▸ **WHAT IS EXPECTED**
Without including any picture, return the complete set of records exactly.

▸ **EXERCISE INPUTS**
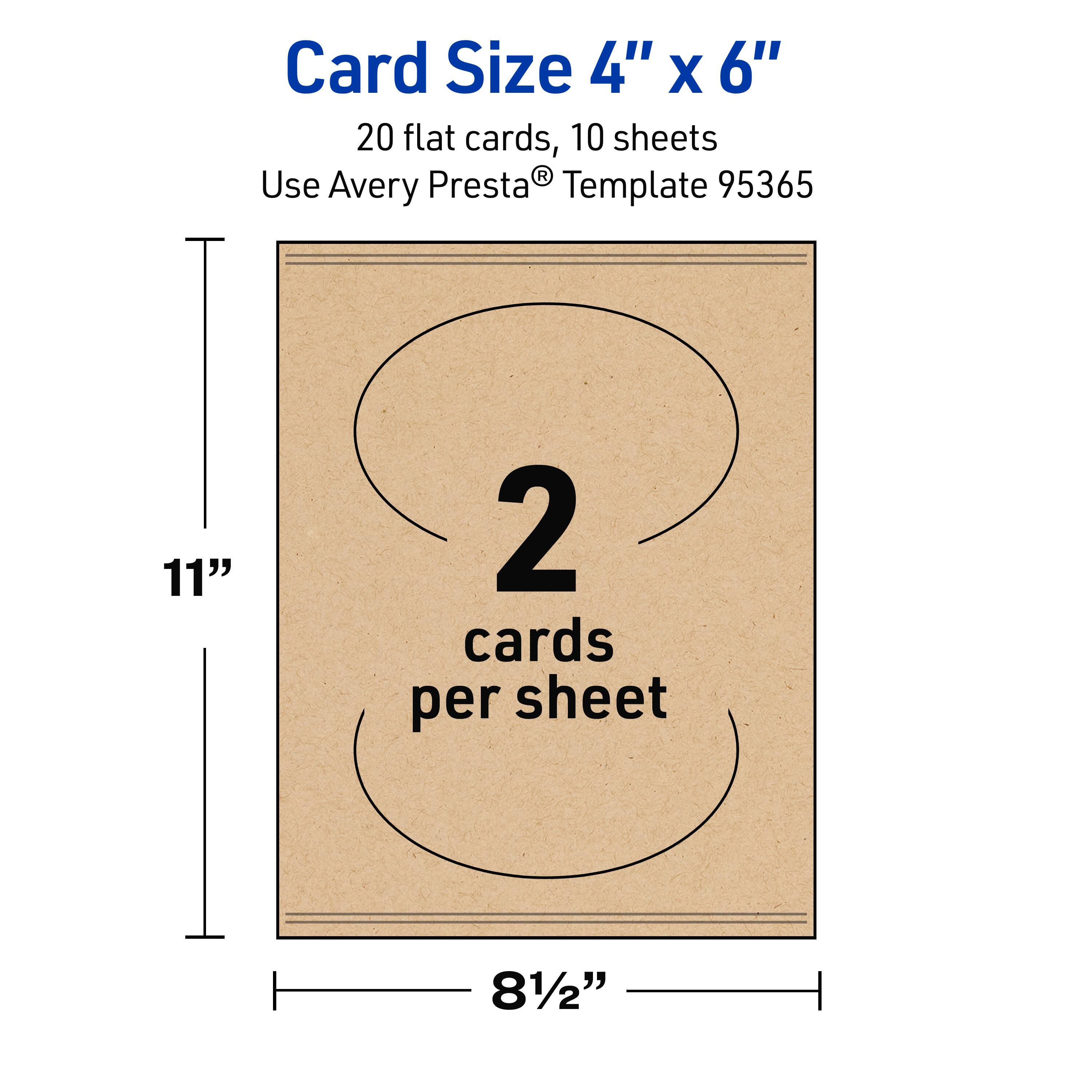 Card Size 4" x 6"  
20 flat cards, 10 sheets  
Use Avery Presta® Template 95365  
11" x 8½"  
2 cards per sheet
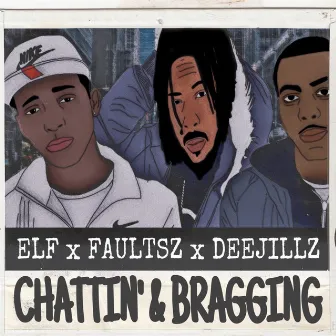 Chattin & Braggin by Faultsz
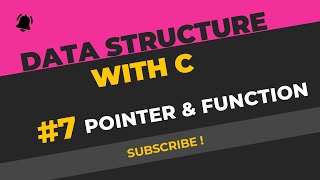 Pointer and Function | C programming | Data Structure in C( 07)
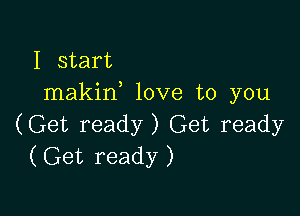 I start
makif love to you

(Get ready) Get ready
(Get ready)
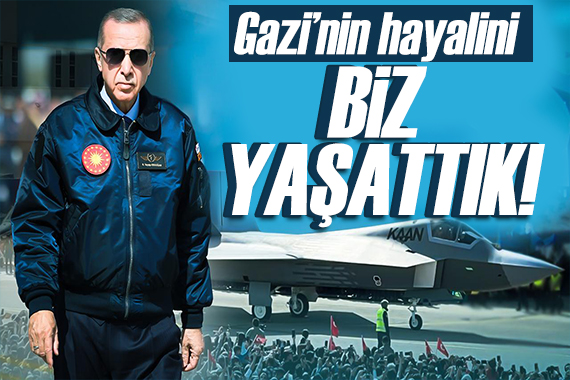 Erdoğan dan  Kaan  mesajı: Gazi nin hayalini biz yaşattık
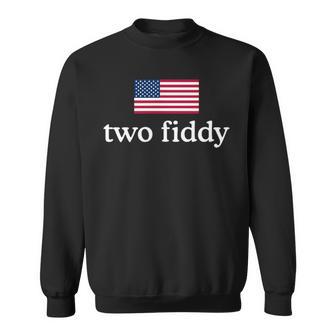 Two Fiddy 4Th Of July Patriotic 2 Fiddy Front&Back Sweatshirt - Thegiftio UK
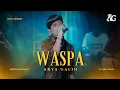 Download Lagu Arya Galih - Waspa - AG Music ( Official Live Music )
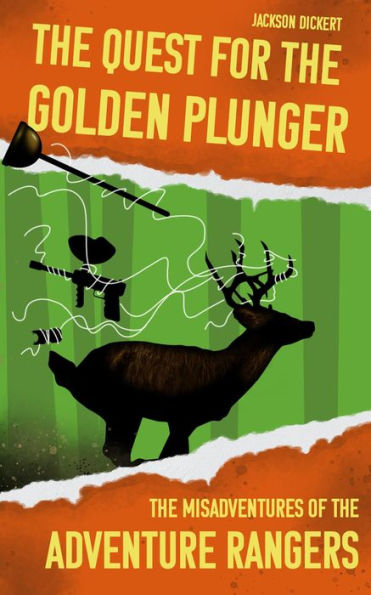 The Quest for the Golden Plunger: The Misadventures of the Adventure Rangers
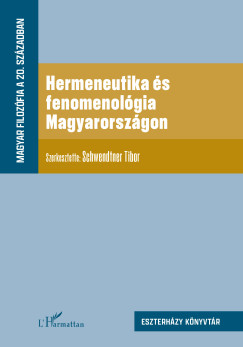 Hermeneutika s fenomenolgia Magyarorszgon
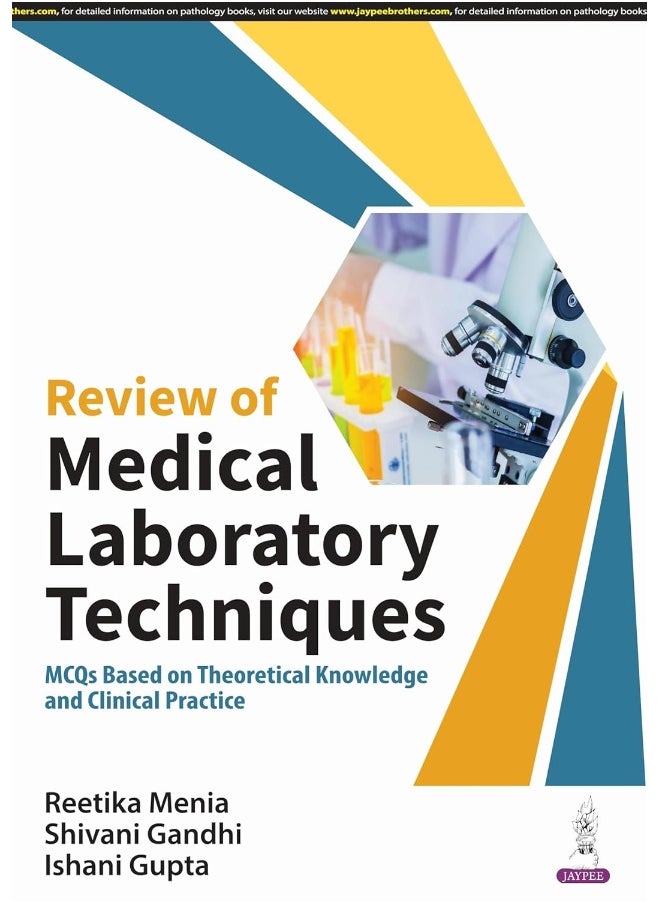 Review of Medical Laboratory Techniques: MCQs Based on Theoretical Knowledge and Clinical P  - Image 1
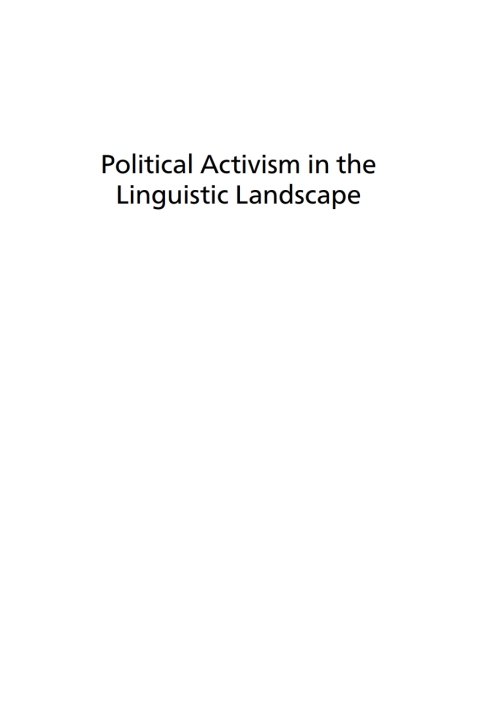 Political Activism in the Linguistic Landscape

▸ **RESULT**
 Card Size 4" x 6"  
20 flat cards, 10 sheets  
Use Avery Presta® Template 95365  
11" x 8½"  
2 cards per sheet
 Chattin & Braggin by Faultsz
 Pointer and Function | C programming | Data Structure in C( 07)
 I start
makif love to you

(Get ready) Get ready
(Get ready)
 Erdoğan dan  Kaan  mesajı: Gazi nin hayalini biz yaşattık
 Two Fiddy 4Th Of July Patriotic 2 Fiddy Front&Back Sweatshirt - Thegiftio UK
 Download Lagu Arya Galih - Waspa - AG Music ( Official Live Music )
 The Quest for the Golden Plunger: The Misadventures of the Adventure Rangers
 Hermeneutika s fenomenolgia Magyarorszgon
 Review of Medical Laboratory Techniques: MCQs Based on Theoretical Knowledge and Clinical P  - Image 1
 Political Activism in the Linguistic Landscape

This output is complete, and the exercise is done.